Au Contraire, Hercule Poirot....
Labor Day is a  l-o-n-g  way off, in political terms, yet already we're seeing TONS of ads, which incidentally haven't affected the polls one iota. I've lost track of who's who, myself...and I'm in the darned business! Now, granted, we've got some GaZillionAires in Texas who just flat-out want to be elected. And, they're used to "buying" what they want. Imagine with me for a moment the Monday morning staff meeting in Billionaire Bob's campaign: "...well, let's see, we "bought" (out) El Paso and Austin LAST week...let's buy (out) Houston and San Antonio THIS week. What? Marble Falls? Well, now Billy-John, who the hell cares about Marble Falls. Get Real, Billy-John !!"
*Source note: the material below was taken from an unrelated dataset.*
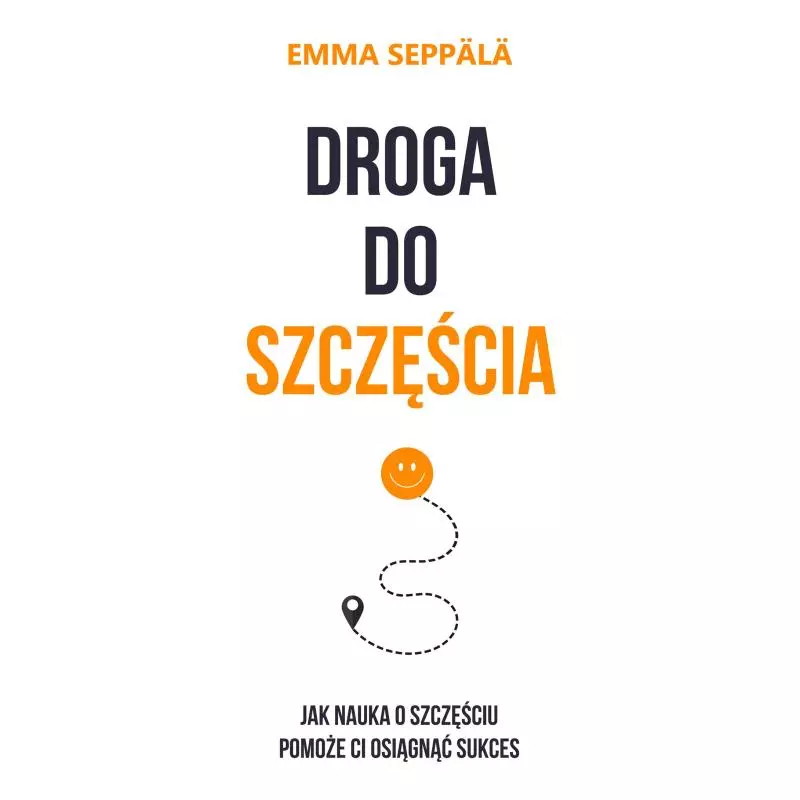 DROGA DO SZCZĘŚCIA JAK NAUKA O SZCZĘŚCIU POMOŻE CI OSIĄGNĄĆ SUKCES Emma Seppala - Czarna Owca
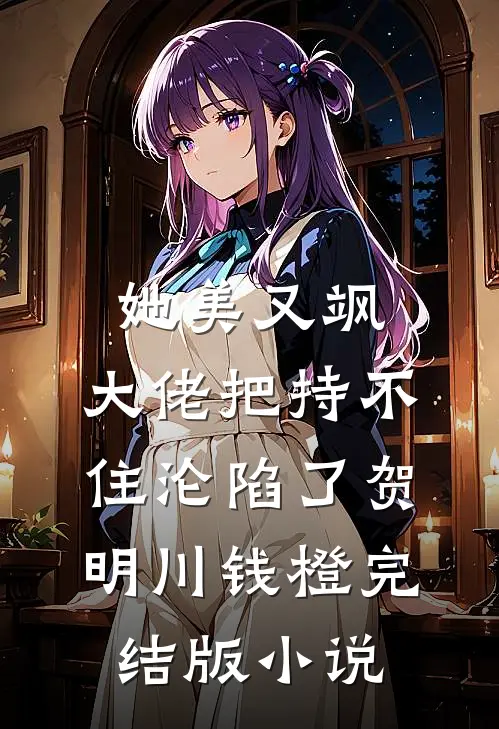 她美又飒，大佬把持不住沦陷了(贺明川钱橙)完结版小说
But for every MegaBuck candidate, we've got for the most part a ton of decent folk seeking office... filling the ballot with names of wannabees, all the way down to your local Precinct Chairman of the FooFoo Party. And if you see them at all, it won't be in the already saturated "prime" time (bought-out by the GaZillionAires), but rather in the Perry Mason middle-of-the-night re-runs, along with the "dating service" ads, and "Bell Bottom Hits". Bet you've figured out when I write these Pulitzer winning essays.

Oh, I forgot to mention. Most of these ads we've already seen and heard are on television. But, what ever happened to political ads on the radio? To which I say, "Radio? What radio?"

HAVE A GOOD WEEK, EVERYONE...
...OOPS, THEY'RE CALLING...GOTTA' GET BACK IN THE STUDIO !!